■ **Prompt**
Restate every record exactly as it is written, while omitting the pictures it holds.

■ **Available data**

= = = =

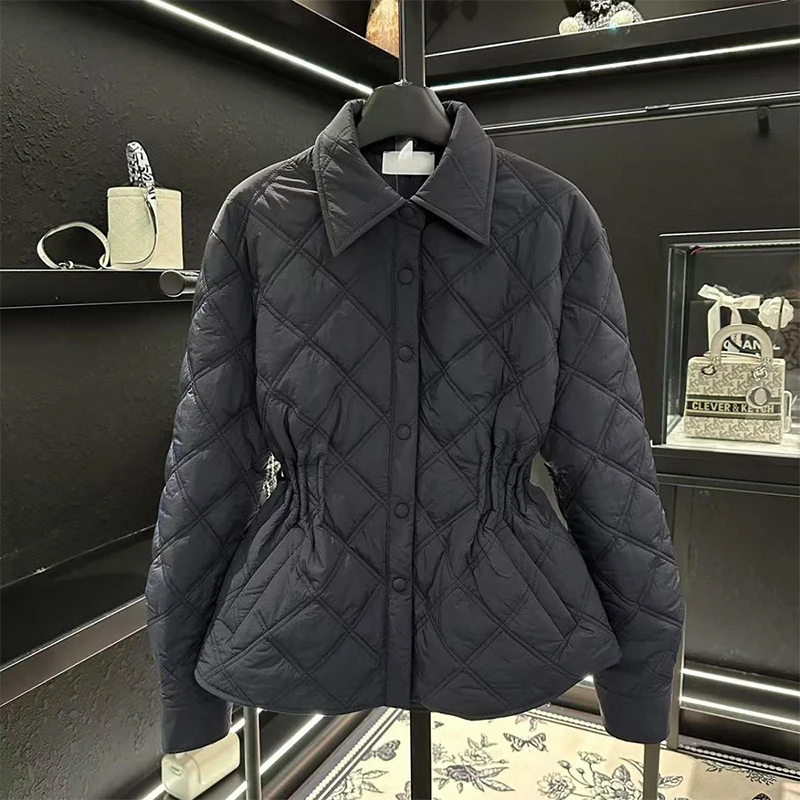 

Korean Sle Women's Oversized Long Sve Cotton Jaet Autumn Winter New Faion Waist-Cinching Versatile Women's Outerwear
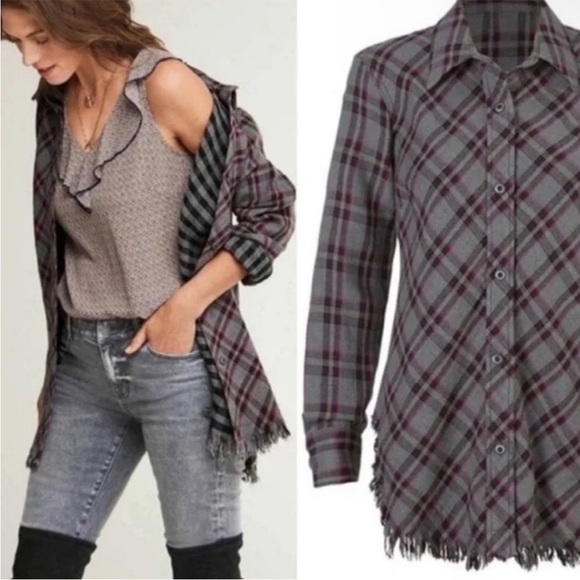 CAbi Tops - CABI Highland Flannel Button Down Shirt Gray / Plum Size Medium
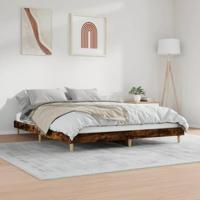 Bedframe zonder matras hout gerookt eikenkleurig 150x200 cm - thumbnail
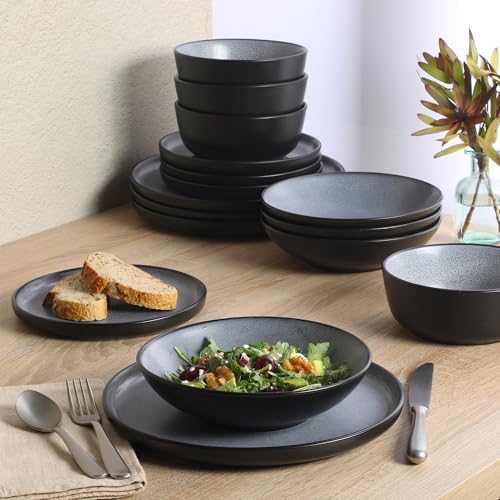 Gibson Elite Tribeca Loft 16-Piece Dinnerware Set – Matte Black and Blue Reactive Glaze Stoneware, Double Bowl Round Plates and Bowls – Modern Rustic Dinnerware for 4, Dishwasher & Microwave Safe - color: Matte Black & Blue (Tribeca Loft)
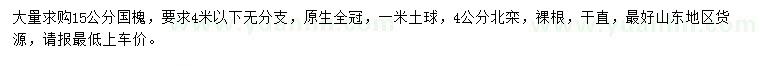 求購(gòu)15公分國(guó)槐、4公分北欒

= = = =

■ **Task output**
Korean Sle Women's Oversized Long Sve Cotton Jaet Autumn Winter New Faion Waist-Cinching Versatile Women's Outerwear
 CAbi Tops - CABI Highland Flannel Button Down Shirt Gray / Plum Size Medium
 Bedframe zonder matras hout gerookt eikenkleurig 150x200 cm - thumbnail
 Gibson Elite Tribeca Loft 16-Piece Dinnerware Set – Matte Black and Blue Reactive Glaze Stoneware, Double Bowl Round Plates and Bowls – Modern Rustic Dinnerware for 4, Dishwasher & Microwave Safe - color: Matte Black & Blue (Tribeca Loft)
 求購(gòu)15公分國(guó)槐、4公分北欒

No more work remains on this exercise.